In his publicly financed newsletter to North Riverside residents, Mayor Hubert Hermanek Jr. peddled falsehoods about replacing the public firefighting service with a privatized company.

 Before we begin to dissect Mayor Hermanek’s most glaring deceits, let’s consider his motives.

 Do Americans really want to go down this road? Businesses exist to make money. There is nothing wrong with that.

 However, private first response companies respond to their bottom line, not to those in life-threatening emergencies.

 Mayor Hermanek has fought to deceive North Riverside residents that he must seek alternatives to the professional fire department that has served North Riverside for decades. He falsely claims firefighters are unwilling to negotiate in good faith.

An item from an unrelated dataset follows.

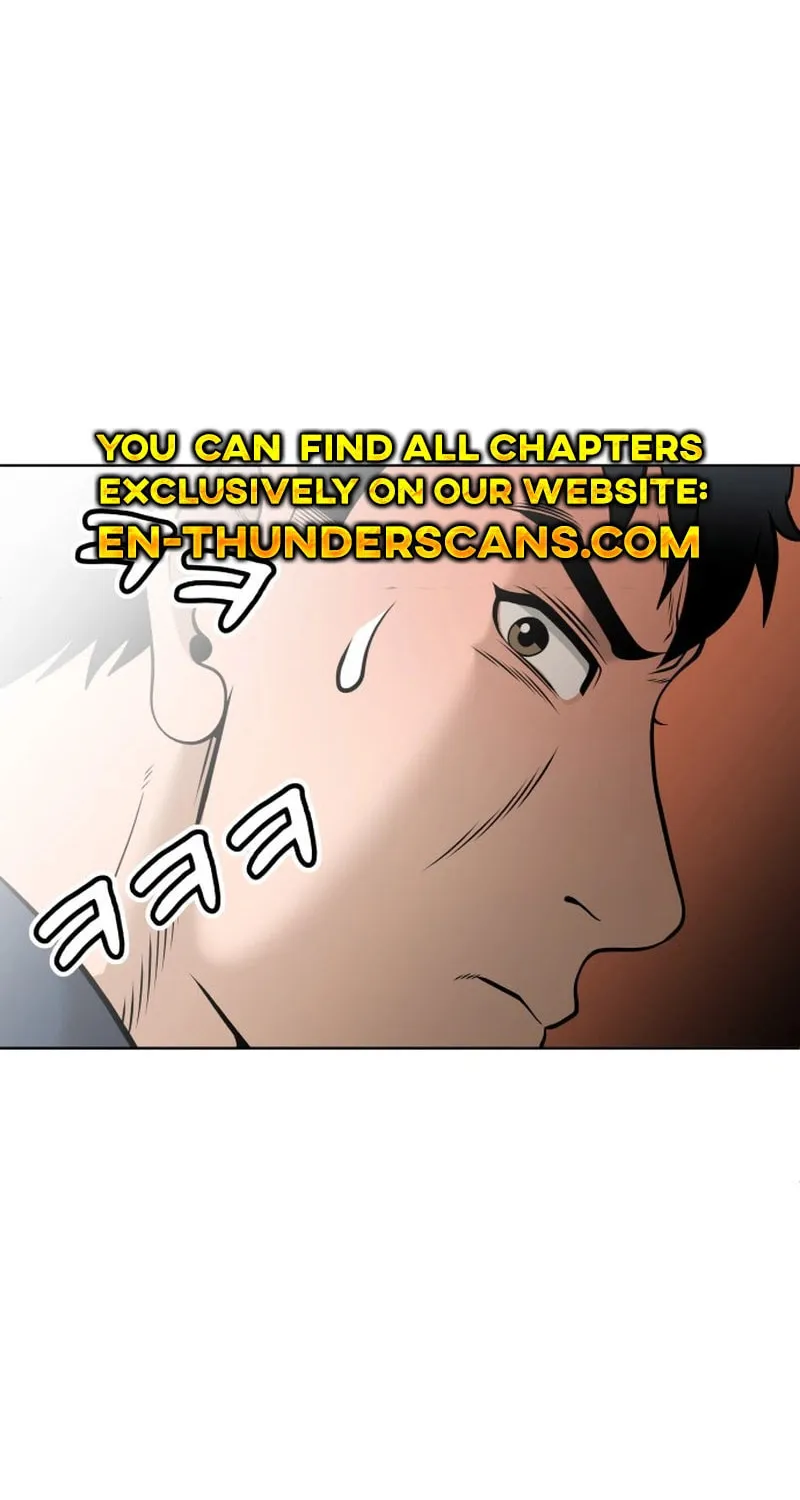 Around Forty Chapter 1 page 71 -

 Yet Mayor Hermanek actually told North Riverside residents he had reached an agreement with profit-driven PSI even before collective bargaining talks began on a new contract for Local 2714. That’s not only bad faith — it was an outright lie.

 Mayor Hermanek’s idea of good faith is as warped as the concept of privatized, unproven firefighters incapable of performing a job where lives hang in the balance.

 Some examples of Mayor Hermanek’s deceptive practices in the North Riversider newsletter: 

Firefighters failed to answer Mayor Hermanek’s request for a contract solution.

Absolutely false. In fact, members of IAFF Local 2714 agreed to accept the cost-of-living adjustment that Mayor Hermanek recently granted to the police department. Instead of taking a pay raise, firefighters proposed the COLA be directed to the pension fund to help the village solve its history of illegal funding schemes. To say firefighters failed to negotiate in good faith is a complete falsehood.

Even if the village fully funded the firefighter pension fund it would need to find other ways to fund pensions.

In each of the last 10 budget years, the North Riverside Village Board failed to contribute to the firefighter pension fund according to state law. In five of the last 10 years the village did not contribute a single penny to the fund. 

Illinois law requires the village to make the employer’s share of the pension payments (the firefighters have faithfully contributed nearly 10 percent of every paycheck). Therefore, the village board violated state law 100 percent of the time over the last decade. Imagine if you missed a house payment or rent payment in each of the last 10 months. How long do you think it would be before you were evicted or foreclosed upon?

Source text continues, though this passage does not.